O aeroporto Roland Garros, em Saint-Denis, recebe os voos vindos da Europa continental. Air France, Air Austral, Corsair e French Bee fazem a rota em um voo direto de 11 horas. Espere gastar de 500 a 900 euros (cerca de 3.100 a 5.600 reais) na passagem de ida e volta, dependendo da época. Para quem já está em Maurício, há voos de 45 minutos que custam de 80 a 150 euros (cerca de 500 a 930 reais). Quem viaja com passaporte brasileiro precisa conferir as regras de entrada aplicáveis, enquanto cidadãos da União Europeia não precisam de visto.

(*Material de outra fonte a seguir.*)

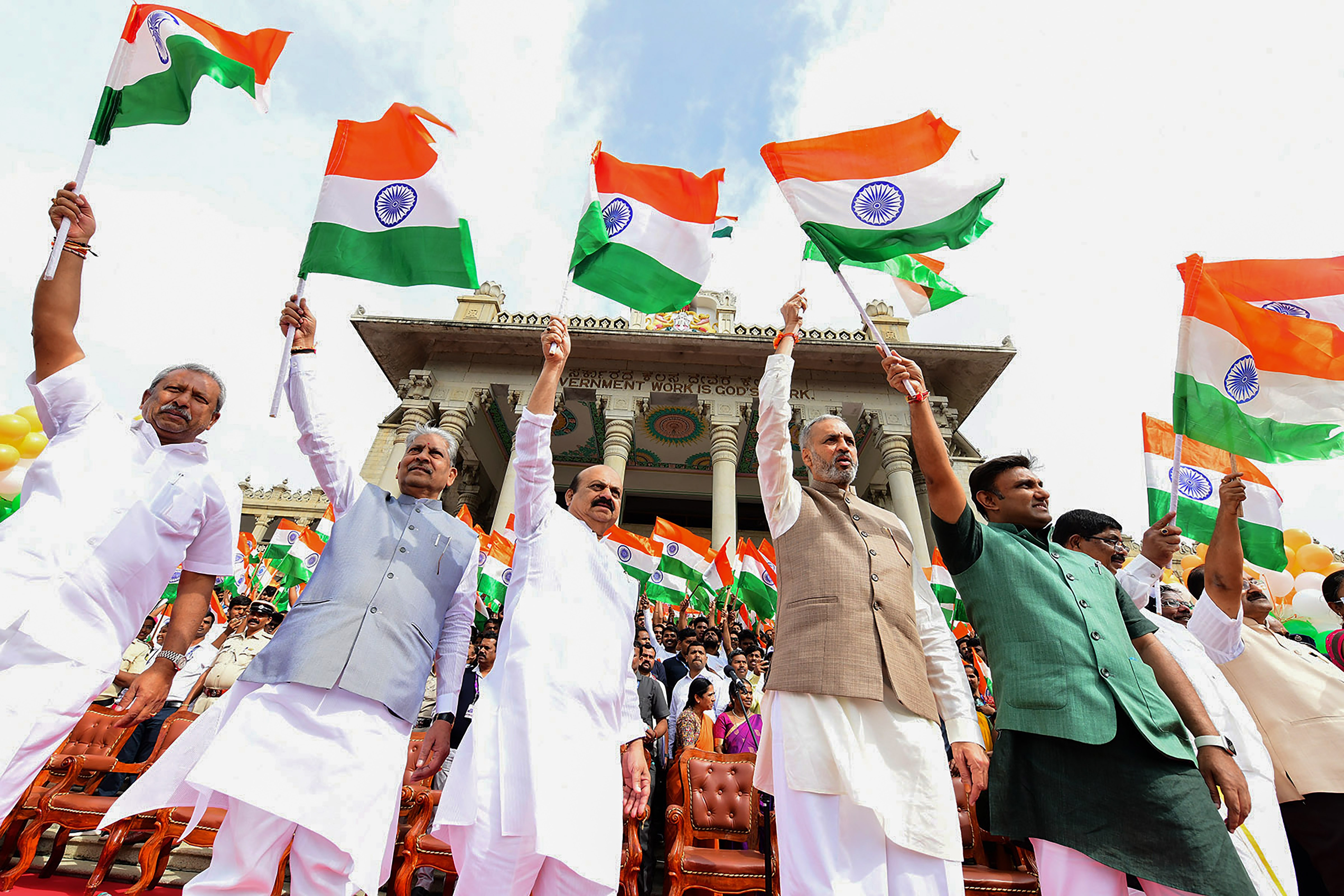 The rally, originally planned on July 28, was cancelled after BJP Yuva Morcha member Praveen Nettaru's murder in Dakshina Kannada. (PTI) The rally, originally planned on July 28, was cancelled after BJP Yuva Morcha member Praveen Nettaru's murder in Dakshina Kannada. (PTI)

Como circular pela Reunião?
O carro alugado é essencial. Os ônibus locais, chamados "Car Jaune", ligam as cidades costeiras por 2 euros (cerca de 12 reais), mas não sobem até o vulcão nem levam aos inícios das trilhas, além de pararem de circular por volta das 19h. Reserve de 200 a 350 euros por semana (cerca de 1.250 a 2.180 reais) para o aluguel do veículo. A gasolina custa um pouco menos do que na França continental.
Para chegar a Mafate, só mesmo a pé ou de helicóptero. As empresas Hélilagon e Corail Hélicoptères realizam traslados e voos panorâmicos com preços entre 200 e 350 euros (cerca de 1.250 a 2.180 reais).